Today's Gloucester Times reports on an email from Education Secretary Paul Reville to Commissioner Mitchell Chester, in which Reville lobbies Chester to approve the Gloucester Community Arts Charter School based on political considerations. The application was not recommended for approval by the Department of Elementary and Secondary Education's charter school office.
Needless to say, local officials are outraged.
"The e-mail appears to confirm what many of us have believed all along: The Board of Education's deliberations on the Gloucester Community Arts Charter school proposal were a politically orchestrated charade," said Superintendent Christopher Farmer, who has spearheaded the local opposition.
"The whole episode shatters the credibility of the Secretary of Education and the commissioner, while at the same time approving the establishment of a charter school in Gloucester which does not meet the established criteria for approval," Farmer said. "Gloucester is to be collateral damage in the cause of a wider political agenda,"
State Rep. Ann-Margaret Ferrante, who worked to bring a state oversight committee to Gloucester to hear testimony on the charter issue, called it disappointing.
"This is further evidence that the decision was based on moving forward a charter school agenda rather than a true evaluation of an application," Ferrante said. "It disappoints me that moving forward with the agenda was more important than the education of our district's children."
Chester's endorsement of the school came against the advice of charter school experts in his own office, which had recommended that the Gloucester application "not be approved," along with the two other charter bids this year.
In his request to Chester, acquired by the Times through the state's public records law, Reville warned that rejecting all three charters would get the Patrick administration "permanently labeled as hostile" to charter schools, something that would "cripple us with a number of key, moderate allies like the (Boston) Globe and Boston Foundation."
Boston Foundation? Is Secretary Reville saying that the Boston Foundation is a lobbying group for charter schools?

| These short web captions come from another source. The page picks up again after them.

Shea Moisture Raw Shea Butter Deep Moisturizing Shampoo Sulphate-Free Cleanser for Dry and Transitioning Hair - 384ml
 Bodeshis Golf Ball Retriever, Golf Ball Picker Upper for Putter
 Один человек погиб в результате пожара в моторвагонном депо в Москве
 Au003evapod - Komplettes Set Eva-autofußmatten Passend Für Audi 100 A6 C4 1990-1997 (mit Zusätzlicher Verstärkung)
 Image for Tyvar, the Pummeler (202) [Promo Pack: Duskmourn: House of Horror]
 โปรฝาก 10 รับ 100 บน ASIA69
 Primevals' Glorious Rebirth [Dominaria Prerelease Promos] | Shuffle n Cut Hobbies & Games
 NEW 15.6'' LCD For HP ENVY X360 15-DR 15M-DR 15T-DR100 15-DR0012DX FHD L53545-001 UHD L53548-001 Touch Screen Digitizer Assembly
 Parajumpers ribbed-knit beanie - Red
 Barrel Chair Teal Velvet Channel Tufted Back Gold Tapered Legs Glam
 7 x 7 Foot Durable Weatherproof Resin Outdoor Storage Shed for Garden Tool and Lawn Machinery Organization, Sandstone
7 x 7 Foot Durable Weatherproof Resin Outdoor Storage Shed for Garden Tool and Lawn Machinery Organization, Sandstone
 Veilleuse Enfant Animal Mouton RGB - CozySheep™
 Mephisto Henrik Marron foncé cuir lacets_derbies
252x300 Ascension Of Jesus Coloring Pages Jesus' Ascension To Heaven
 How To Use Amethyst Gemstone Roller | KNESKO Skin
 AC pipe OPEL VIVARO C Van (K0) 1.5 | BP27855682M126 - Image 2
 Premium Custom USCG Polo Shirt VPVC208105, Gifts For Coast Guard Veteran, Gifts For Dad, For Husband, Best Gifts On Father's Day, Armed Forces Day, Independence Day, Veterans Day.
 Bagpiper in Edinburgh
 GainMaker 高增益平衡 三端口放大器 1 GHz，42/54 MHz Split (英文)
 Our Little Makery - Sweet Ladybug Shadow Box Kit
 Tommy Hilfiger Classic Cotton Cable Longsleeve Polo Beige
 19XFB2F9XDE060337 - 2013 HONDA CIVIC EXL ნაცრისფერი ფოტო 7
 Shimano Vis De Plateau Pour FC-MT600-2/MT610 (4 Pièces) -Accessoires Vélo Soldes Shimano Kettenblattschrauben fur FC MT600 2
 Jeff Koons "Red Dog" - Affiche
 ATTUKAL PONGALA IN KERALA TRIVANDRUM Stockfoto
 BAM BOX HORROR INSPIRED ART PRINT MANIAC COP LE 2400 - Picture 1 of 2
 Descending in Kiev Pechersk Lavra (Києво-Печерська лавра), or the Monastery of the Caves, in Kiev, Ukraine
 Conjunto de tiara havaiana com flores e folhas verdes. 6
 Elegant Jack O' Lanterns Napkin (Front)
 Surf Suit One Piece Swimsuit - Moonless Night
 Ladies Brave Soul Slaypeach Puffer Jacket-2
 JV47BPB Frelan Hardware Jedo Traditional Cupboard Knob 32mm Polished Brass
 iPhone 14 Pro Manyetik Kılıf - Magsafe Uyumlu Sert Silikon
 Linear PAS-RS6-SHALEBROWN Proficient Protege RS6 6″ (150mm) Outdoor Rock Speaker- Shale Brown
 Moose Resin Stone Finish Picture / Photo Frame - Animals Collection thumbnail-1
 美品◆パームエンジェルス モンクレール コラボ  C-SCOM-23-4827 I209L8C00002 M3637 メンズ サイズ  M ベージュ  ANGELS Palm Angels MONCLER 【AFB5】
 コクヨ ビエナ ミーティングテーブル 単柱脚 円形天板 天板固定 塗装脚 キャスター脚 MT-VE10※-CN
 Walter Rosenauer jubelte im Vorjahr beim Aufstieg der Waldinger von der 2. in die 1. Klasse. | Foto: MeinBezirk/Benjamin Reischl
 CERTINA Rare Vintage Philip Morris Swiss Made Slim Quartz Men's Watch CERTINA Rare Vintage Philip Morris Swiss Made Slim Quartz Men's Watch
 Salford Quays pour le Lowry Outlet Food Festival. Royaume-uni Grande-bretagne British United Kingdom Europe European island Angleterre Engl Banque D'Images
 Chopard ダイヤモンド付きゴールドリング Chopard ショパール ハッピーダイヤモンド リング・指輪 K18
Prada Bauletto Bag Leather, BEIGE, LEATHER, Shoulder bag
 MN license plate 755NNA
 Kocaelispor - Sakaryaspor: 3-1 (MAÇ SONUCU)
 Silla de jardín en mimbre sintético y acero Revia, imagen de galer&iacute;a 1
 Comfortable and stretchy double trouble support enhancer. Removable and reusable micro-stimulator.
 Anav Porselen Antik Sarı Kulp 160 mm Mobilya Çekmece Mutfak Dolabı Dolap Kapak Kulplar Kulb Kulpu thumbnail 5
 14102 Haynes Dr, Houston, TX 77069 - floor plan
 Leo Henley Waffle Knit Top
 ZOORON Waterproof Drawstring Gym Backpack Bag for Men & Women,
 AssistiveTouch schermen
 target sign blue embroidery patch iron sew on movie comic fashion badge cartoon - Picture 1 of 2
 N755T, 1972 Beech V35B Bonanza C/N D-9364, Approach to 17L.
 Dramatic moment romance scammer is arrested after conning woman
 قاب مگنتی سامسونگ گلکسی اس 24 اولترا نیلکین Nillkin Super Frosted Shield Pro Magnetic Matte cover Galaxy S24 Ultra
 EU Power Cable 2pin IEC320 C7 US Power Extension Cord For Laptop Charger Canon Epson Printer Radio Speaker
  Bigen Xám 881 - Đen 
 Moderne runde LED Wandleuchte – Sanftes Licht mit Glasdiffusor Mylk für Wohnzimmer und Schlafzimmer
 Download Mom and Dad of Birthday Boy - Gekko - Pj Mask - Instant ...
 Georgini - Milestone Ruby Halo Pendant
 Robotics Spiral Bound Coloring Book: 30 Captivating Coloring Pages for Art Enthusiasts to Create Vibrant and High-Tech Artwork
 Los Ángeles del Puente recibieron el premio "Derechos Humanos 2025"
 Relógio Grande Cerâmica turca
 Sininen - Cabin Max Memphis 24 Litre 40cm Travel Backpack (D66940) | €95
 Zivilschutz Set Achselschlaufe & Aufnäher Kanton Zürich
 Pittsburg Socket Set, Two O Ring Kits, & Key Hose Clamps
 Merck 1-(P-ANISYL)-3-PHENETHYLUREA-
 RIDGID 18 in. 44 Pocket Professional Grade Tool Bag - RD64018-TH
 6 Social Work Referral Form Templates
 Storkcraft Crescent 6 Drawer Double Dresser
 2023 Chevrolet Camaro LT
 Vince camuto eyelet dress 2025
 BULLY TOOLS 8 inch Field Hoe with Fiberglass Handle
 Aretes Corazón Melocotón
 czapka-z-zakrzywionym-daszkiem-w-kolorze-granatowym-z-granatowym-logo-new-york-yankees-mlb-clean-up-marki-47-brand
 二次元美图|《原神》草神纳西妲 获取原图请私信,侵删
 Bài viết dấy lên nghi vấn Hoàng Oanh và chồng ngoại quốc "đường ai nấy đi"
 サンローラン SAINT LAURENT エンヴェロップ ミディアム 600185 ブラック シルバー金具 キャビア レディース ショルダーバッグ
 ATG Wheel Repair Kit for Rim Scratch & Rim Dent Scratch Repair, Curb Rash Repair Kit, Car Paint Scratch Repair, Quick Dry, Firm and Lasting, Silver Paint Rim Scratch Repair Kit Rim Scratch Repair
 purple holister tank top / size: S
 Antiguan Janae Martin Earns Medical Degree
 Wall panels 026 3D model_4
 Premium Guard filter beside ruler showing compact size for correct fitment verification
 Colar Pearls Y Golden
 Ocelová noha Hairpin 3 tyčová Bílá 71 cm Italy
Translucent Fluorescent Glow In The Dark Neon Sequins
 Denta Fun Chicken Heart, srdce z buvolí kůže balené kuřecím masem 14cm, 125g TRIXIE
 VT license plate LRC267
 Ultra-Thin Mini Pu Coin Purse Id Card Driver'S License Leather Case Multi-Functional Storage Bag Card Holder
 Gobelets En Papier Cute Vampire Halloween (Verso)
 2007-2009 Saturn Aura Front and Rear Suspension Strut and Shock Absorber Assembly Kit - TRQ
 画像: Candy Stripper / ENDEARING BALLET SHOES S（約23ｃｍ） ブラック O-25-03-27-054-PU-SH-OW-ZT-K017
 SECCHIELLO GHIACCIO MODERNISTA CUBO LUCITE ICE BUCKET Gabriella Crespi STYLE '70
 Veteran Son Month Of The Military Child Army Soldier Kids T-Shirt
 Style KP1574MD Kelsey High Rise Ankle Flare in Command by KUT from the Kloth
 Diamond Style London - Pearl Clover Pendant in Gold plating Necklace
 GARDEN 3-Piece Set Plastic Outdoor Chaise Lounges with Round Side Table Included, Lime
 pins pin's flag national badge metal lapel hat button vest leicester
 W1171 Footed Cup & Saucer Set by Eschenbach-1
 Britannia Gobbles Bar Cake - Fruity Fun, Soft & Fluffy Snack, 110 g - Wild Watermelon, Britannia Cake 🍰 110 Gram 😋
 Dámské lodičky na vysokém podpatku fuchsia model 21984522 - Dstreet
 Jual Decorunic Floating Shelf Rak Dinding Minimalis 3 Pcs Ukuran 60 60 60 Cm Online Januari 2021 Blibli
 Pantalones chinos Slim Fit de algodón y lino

Is this the group that wrote a "report" that charter lobbyists continually cite as a reason to expand Commonwealth Charters?
Anyway, it seems that the Department of Elementary and Secondary Education determined that the Gloucester charter school should not be approved. Reville then tells Chester that the Gloucester proposal is a bitter pill that needs to be swallowed for political reasons. Only problem, it's the taxpayers of Gloucester who are the ones who are being force-fed this bitter pill by the state. And they want to lift the charter school cap so more communities will need to swallow bitter, poision pills for political expediency?
Here is a text of the Reville email, as published by the Gloucester Times:
From: Reville, Paul
Sent: Thursday, February 5, 2009, 11:54 p.m.
To: Chester, Mitchell D. (DOE)
Subject: charters
Mitchell,
Hope all's well and warm in AZ. I appreciated our talk today and your openness and flexibility. This situation presents one of those painful dilemmas. In addition to being a no-win situation, it forces us into a political cul de sac where we could be permanently trapped. Our reality is that we have to show some sympathy in this group of charters or we'll get permanently labeled as hostile and they will cripple us with a number of key moderate allies like the Globe and the Boston Foundation. Frankly, I'd rather fight for the kids in the Waltham situation, but it sounds like you can't find a solid basis for standing behind that one. I'm not inclined to push Worcester, so that leaves Gloucester. My inclination is to think that you, I and the Governor all need to send at least one positive signal in this batch, and I gather that you think the best candidate is Gloucester. Can you see your way clear to supporting it? Would you want to do the financial trigger even in light of likely stimulus aid?
Thanks for not seeing this as an independence issue. It really is a matter of positioning ourselves so that we can be viable to implement the rest of our agenda. It's a tough but I think necessary pill to swallow. Let's discuss some more tomorrow.